Diamond City is great.  Fenway Park is now a shantytown, Green Monster and all.

Alas, it's one of the few truly great things in this game.  I don't think I've properly stressed how dumb the story is.  F3 was about a son trying to find and reconnect with his wayward father, and F4 is about a father trying to find and reconnect with his wayward son.  Yes, Bethesda, you managed to thematically connect the stories of these two games, but why?  How exactly does knowing that this story is kinda-sorta reversing the family roles in F3 make it a better or more fulfilling story?  And yes, it's "father" specifically, not just "parent," because just as Bethesda means for you to play the game as a generic good guy, they also mean for you to play it as the father, not the mother.  It turns out I was mistaken above when I described the PC as a veteran in gender-neutral terms.  The father is the veteran regardless of whom you play as, and so he's the one who gets a vaguely-heroic backstory as well as the voice-over in the introduction, while the mother is basically just a housewife.  This is his story, not hers.  I'm not bringing this up as a feminist criticism of the game (although if I were, I'd call attention to the fact that the mother is literally fridged in the introduction), but as a sad reflection of Bethesda's refusal to grant players the freedom to decide their own character and their own motivations.

What makes it even worse is that they don't really take advantage of the changes they've made and use them to their full potential.  For example, they want to give the PC a voice.  Okay, then here's an idea - why not hire someone with a distinctive, cool voice for the role?  Not necessarily a huge celebrity, but someone like, say, Keith David or Michael Ironside.  It makes sense that the character who does the most talking throughout the game should have a voice that we want to listen to.  And even the fact that they have a recognizable voice could work in the game's favor as a parallel to the fish-out-of-water setup.  Their voice is the only remnant of familiarity the player can cling to in this strange new world.  But there was no point in doing what they did, hiring a couple of people with such plain, unremarkable, "I'm just a regular guy" voices without a shred of personality or charisma to them.  If they wanted the protagonist to be a blank slate that players can project whatever personality or intentions they want on, then they could have just stuck with the text.

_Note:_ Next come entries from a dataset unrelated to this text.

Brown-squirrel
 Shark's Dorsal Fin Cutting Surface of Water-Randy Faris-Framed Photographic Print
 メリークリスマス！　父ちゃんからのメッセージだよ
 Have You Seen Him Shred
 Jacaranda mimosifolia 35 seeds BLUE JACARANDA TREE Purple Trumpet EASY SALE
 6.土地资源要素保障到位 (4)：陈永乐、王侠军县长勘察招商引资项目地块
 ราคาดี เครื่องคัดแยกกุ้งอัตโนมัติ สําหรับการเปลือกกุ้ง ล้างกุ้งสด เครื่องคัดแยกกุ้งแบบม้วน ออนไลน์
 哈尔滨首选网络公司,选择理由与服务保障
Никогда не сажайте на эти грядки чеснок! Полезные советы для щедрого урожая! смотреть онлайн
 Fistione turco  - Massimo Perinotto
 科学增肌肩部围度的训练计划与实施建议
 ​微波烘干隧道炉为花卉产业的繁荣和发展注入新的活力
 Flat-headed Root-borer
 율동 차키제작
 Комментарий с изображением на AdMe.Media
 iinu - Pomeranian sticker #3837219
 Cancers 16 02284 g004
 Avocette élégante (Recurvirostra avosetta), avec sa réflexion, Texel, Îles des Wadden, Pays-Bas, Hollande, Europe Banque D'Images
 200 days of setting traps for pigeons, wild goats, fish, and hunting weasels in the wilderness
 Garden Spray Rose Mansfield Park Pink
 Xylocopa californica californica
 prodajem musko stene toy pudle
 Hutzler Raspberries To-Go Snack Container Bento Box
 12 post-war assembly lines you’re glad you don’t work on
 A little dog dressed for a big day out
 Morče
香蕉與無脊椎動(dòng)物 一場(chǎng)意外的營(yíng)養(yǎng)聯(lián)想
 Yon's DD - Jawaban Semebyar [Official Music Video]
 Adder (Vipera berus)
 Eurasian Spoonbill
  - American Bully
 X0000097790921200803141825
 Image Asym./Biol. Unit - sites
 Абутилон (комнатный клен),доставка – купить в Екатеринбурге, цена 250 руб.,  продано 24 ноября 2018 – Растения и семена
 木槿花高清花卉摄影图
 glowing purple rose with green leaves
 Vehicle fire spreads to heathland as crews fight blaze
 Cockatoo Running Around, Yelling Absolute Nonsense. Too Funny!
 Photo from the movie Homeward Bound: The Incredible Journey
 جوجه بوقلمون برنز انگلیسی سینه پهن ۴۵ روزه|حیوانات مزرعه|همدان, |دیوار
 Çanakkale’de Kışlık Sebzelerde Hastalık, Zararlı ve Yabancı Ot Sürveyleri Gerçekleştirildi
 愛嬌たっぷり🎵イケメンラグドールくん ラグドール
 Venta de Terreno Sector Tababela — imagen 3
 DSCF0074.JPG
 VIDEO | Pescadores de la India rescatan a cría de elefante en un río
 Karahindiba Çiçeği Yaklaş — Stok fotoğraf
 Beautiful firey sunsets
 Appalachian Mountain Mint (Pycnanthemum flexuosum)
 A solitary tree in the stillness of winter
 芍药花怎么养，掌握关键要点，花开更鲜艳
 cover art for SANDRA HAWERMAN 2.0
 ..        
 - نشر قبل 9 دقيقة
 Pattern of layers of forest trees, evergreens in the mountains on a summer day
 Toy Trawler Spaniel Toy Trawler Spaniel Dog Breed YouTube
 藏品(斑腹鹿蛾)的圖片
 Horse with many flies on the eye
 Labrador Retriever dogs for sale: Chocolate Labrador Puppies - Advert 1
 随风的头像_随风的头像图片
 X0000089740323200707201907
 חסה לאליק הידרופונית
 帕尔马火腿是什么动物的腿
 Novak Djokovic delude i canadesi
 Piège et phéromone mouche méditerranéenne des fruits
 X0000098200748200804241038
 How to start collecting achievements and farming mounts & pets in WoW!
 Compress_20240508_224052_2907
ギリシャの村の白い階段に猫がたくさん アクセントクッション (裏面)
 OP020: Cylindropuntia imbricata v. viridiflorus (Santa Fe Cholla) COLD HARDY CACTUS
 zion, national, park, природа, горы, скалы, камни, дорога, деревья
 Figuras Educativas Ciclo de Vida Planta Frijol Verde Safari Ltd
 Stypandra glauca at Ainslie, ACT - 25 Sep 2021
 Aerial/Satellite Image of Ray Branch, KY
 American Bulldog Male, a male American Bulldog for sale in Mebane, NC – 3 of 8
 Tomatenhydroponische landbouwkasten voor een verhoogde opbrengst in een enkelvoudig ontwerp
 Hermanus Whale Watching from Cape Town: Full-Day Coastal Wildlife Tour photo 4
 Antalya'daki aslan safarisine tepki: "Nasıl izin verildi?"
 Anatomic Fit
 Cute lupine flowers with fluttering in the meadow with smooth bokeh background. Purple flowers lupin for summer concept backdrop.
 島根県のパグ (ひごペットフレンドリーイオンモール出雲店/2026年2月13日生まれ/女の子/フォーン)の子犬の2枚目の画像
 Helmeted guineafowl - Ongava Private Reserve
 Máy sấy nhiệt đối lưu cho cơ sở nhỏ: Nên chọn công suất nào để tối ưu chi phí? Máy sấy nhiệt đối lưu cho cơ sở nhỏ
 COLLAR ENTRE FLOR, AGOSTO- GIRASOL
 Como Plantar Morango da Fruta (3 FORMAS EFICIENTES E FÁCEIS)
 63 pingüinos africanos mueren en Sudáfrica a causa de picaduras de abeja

The same thing goes with the Cap/Rip gimmick, which is completely squandered here.  Okay, so is our hero supposed to be grieving for his lost wife and son?  Then how about his grief informs his interactions with the characters and environment to a much greater degree, rather than only coming into play when the player selects dialogue options indicating his grief for his wife or son?  If the idea could be introduced that he's blinded by his grief and desperate for revenge, we'd have the potential for an interesting inner struggle - can the hero keep true to his strong moral upbringing in Pre-War America as he tries to put things right?  And even if he can, should he?  Or, on a lighter note, they could have focused on the hero's shock and amazement at the wacky new world he finds himself in, rather than, once again, only doing so when a dialogue option indicates as such.  For example, we could hear some unique exclamations whenever he sees something crazy for the first time, like Super Mutants or brahmin.  It could help provide both immersion and humor.
« Last Edit: December 17, 2015, 11:17:50 PM by Saddam Hussein »

Saddam Hussein

Re: Fallout series
« Reply #465 on: November 17, 2015, 12:24:09 PM »
Here's an interesting review of the game I found:



I mostly agree with this, with the exception of his opinion of the settlement-building feature, which I found to be boring, clunky, and lacking any real incentive to encourage me to spend too much time with it.  But the largely-procedural quests the game inherited from Skyrim that you can't refuse, the new dialogue system, and the lack of many significant improvements over F3 are every bit as bad as he describes them.  The dialogue in particular stands out as being especially awful, because there's nowhere you can go in the game to avoid it.  You're always going to be talking to someone and wondering whether the "SARCASTIC" option will be a lighthearted joke to break the tension, or a nasty insult aimed at whoever you're talking to.  And speaking of improvements over F3:

if it turns out that, say, they've gotten rid of the reputation system and gone back to the weird karma thing, I will flip my shit.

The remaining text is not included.